Acidic transformation of nordiazepam can affect recovery estimate during trace analysis of diazepam and nordiazepam in environmental water samples by liquid chromatography-tandem mass spectrometry.

In this study, a special interest was focused on the stability of diazepam and nordiazepam in aqueous samples at acidic and neutral pH. The aim of the study was to isolate and illustrate one of the many possible sources of error that can be encountered when developing and validating analytical methods. This can be of particular importance when developing multi-analyte methods where there is limited time to scrutinize the behavior of each analyte. A method was developed for the analysis of the benzodiazepines diazepam and nordiazepam in treated wastewater. The samples were extracted by solid phase extraction, using SPEC C18AR cartridges, and analyzed by the use of liquid chromatography, with a C18 stationary phase, coupled to tandem mass spectrometry. Environmental water samples are often acidified during storage to reduce the microbial degradation of the target compounds and to preserve the sample. In some cases, the samples are acidified before extraction. In this study, it was found that a chemical equilibrium between nordiazepam and a transformation product could cause inaccurately high extraction recovery values when the samples were stored at low sample pH. The stability of nordiazepam was shown to be low at pH 3. Within 12 days, 20% of the initial concentration of nordiazepam was transformed.
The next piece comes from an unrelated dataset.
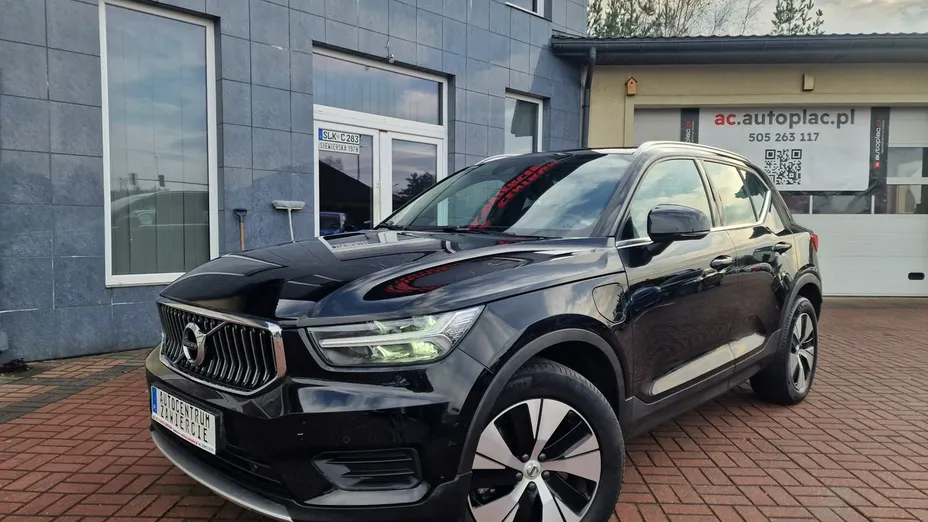 VOLVO XC40 -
Interestingly, the transformed nordiazepam was shown to be regenerated and reformed to nordiazepam during sample handling. At a sample pH of 7, diazepam and nordiazepam were stable for 12 days. It was concluded that great care must be taken when acidifying water samples containing nordiazepam during storage or extraction. The storage and the extraction should be conducted at neutral pH if no internal standard is used to compensate for degradation and conversion of nordiazepam. The developed method was validated in treated wastewater and applied for the quantification of diazepam and nordiazepam in treated wastewater samples.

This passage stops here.